Collected data entries:
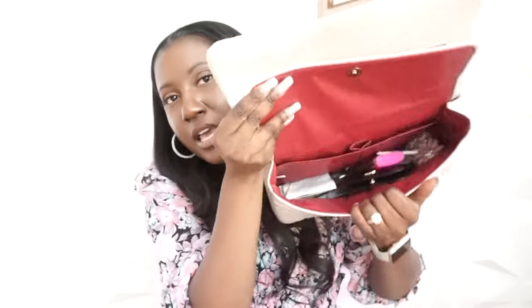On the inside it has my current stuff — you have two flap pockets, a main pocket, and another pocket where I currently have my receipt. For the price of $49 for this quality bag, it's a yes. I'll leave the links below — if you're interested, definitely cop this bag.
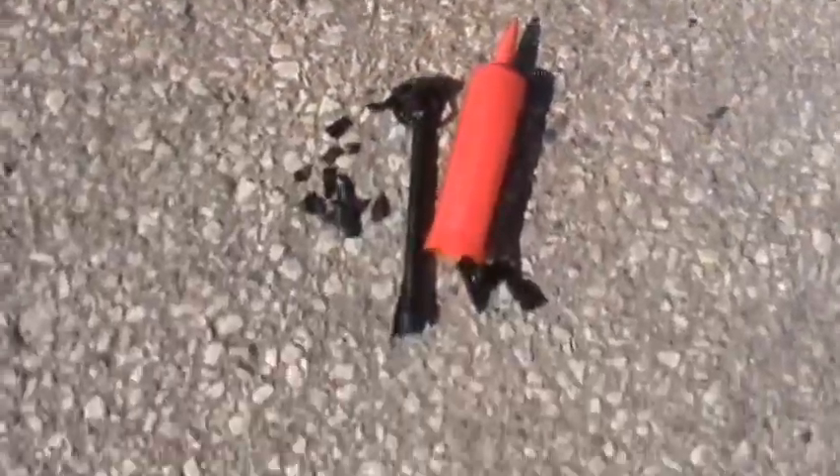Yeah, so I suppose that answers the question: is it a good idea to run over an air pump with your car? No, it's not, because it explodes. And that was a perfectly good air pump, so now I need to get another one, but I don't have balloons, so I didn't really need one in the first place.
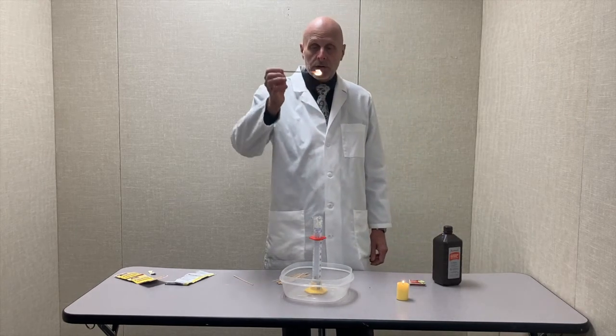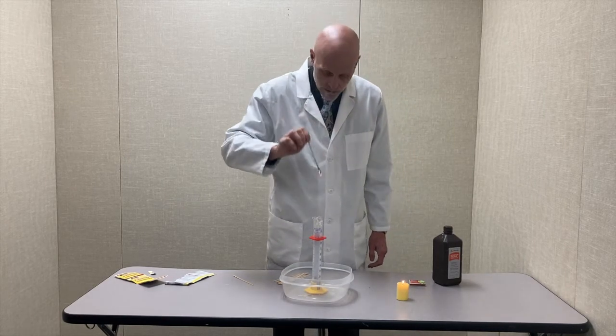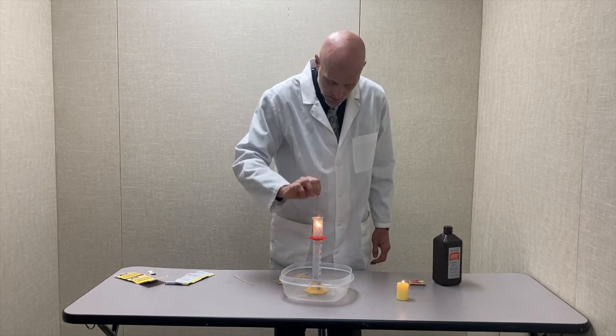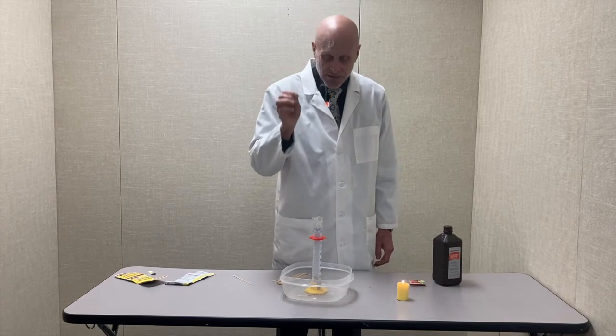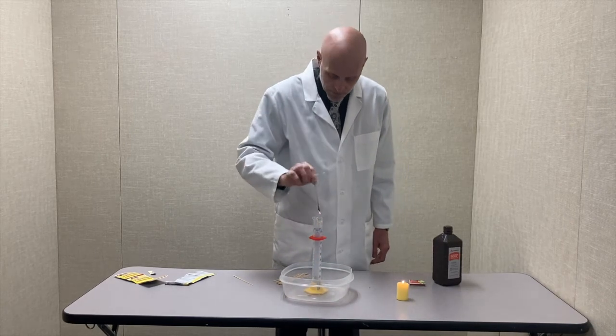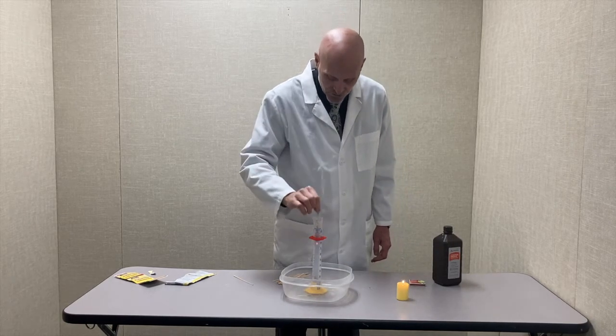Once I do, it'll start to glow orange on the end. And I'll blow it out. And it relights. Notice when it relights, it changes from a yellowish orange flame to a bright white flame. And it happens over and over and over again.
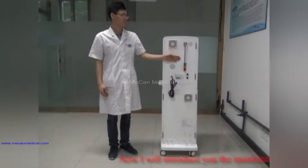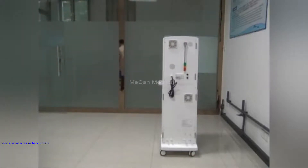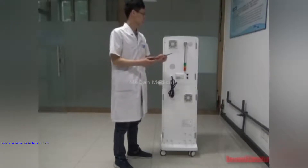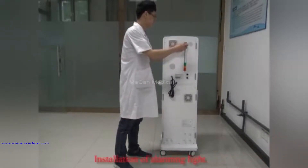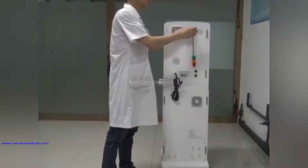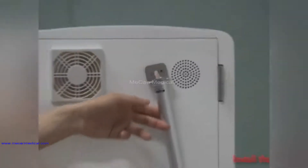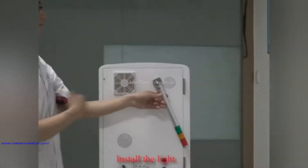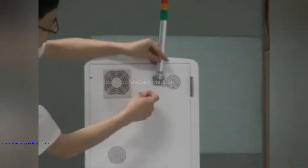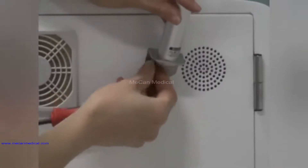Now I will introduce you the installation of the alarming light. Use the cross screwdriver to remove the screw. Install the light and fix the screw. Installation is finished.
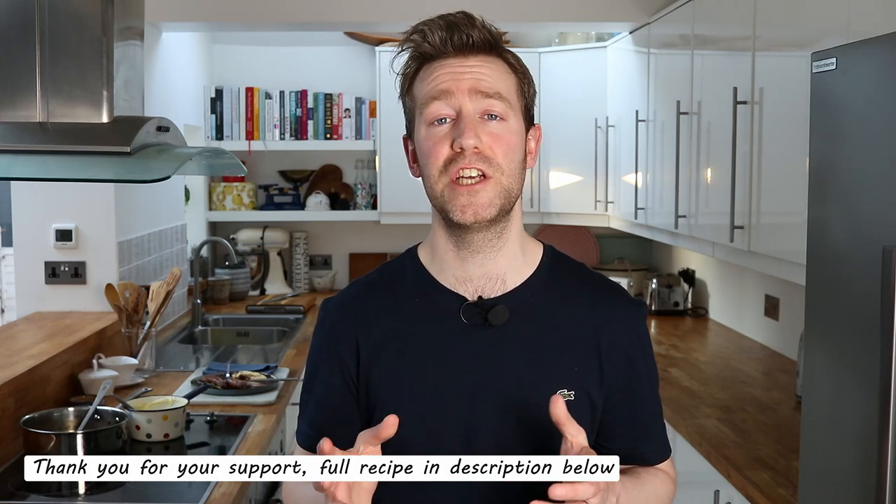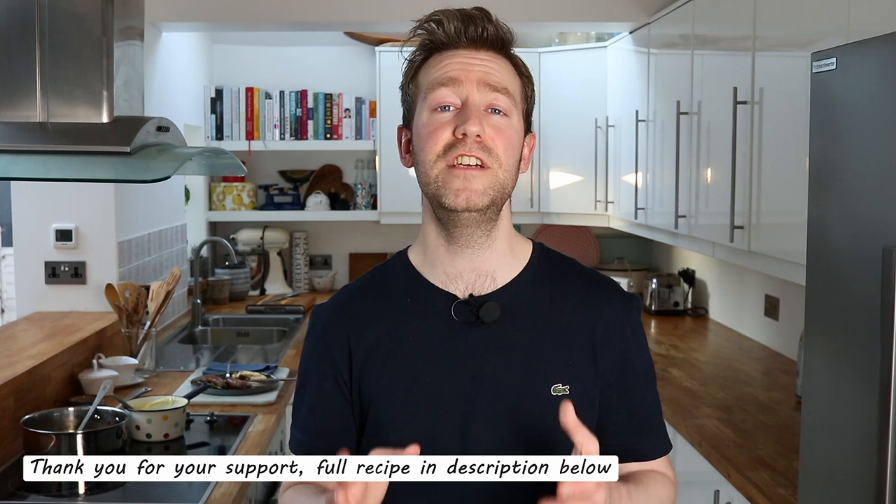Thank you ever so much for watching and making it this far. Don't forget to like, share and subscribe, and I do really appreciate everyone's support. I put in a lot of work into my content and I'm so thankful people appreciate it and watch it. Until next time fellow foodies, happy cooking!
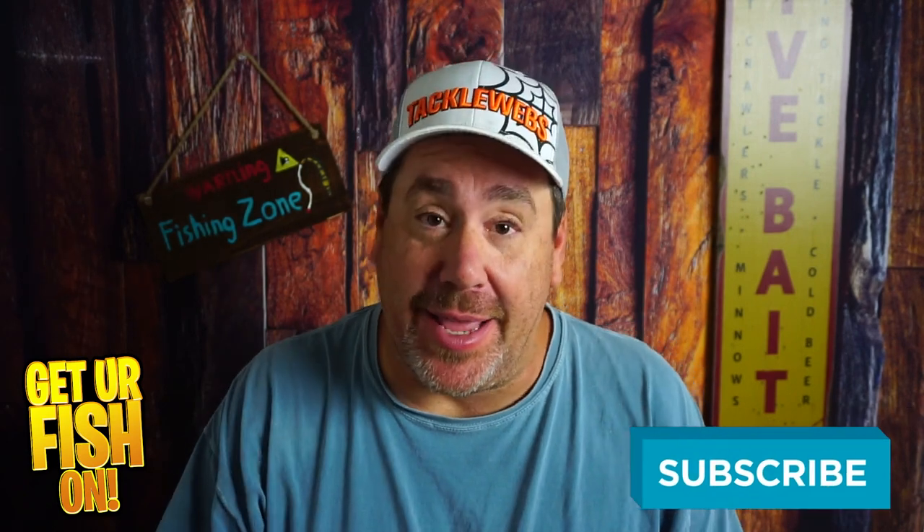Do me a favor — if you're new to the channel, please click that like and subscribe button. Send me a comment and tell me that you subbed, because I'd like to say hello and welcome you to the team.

YOUR ASSIGNMENT: Would you copy, word for word, only the lines above from the one containing "Yeah, so I suppose" through the one containing "Once I do, it'll", both included, and please leave out the pictures?

RESPONSE BOX:
Yeah, so I suppose that answers the question: is it a good idea to run over an air pump with your car? No, it's not, because it explodes. And that was a perfectly good air pump, so now I need to get another one, but I don't have balloons, so I didn't really need one in the first place.
Once I do, it'll start to glow orange on the end. And I'll blow it out. And it relights. Notice when it relights, it changes from a yellowish orange flame to a bright white flame. And it happens over and over and over again.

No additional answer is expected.